Por Glênio S Guedes ( advogado )


A operação com 120 mortos ( subindo ) mostrou o fracasso da força bruta. Que tal ouvir 3,9 milhões de jovens sobre o tema?


I. Um país ferido, um espelho em silêncio


O amanhecer de 28 de outubro de 2025 ficará marcado como um dos capítulos mais sombrios da história recente do Rio de Janeiro. A megaoperação policial que atravessou a zona norte e chegou ao Complexo da Penha deixou ao menos 120 mortos, ônibus incendiados, escolas fechadas e uma cidade em estado de choque. Os relatórios preliminares apontam falta de coordenação entre forças, uso desproporcional da força letal e ausência de comunicação com o poder civil. Não foi apenas uma tragédia policial — foi um espelho da falência das políticas de segurança pública.

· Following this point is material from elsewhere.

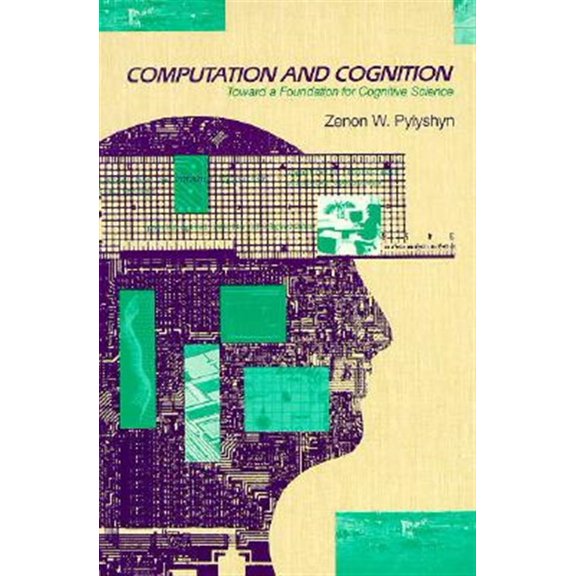 Pre-Owned Computation and Cognition : Toward a Foundation for Cognitive Science (Paperback)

E é por isso que, de Copacabana à Penha, o Brasil precisa debater o tema mais urgente de sua história recente: a segurança pública como política de Estado e de humanidade. O Enem 2025, com seus 3,9 milhões de participantes, poderia ser o laboratório nacional de teses e propostas, capaz de transformar a dor em pensamento crítico e ação ética.


II. O dever moral do Enem


O Exame Nacional do Ensino Médio não é apenas uma prova: é um ritual cívico, em que milhões de jovens escrevem sobre os dilemas do país. Em 2025, o tema da redação não pode ser indiferente à tragédia social que testemunhamos. Se o Enem se propõe a medir competências cidadãs, há um dever moral em colocar a segurança pública no centro da reflexão.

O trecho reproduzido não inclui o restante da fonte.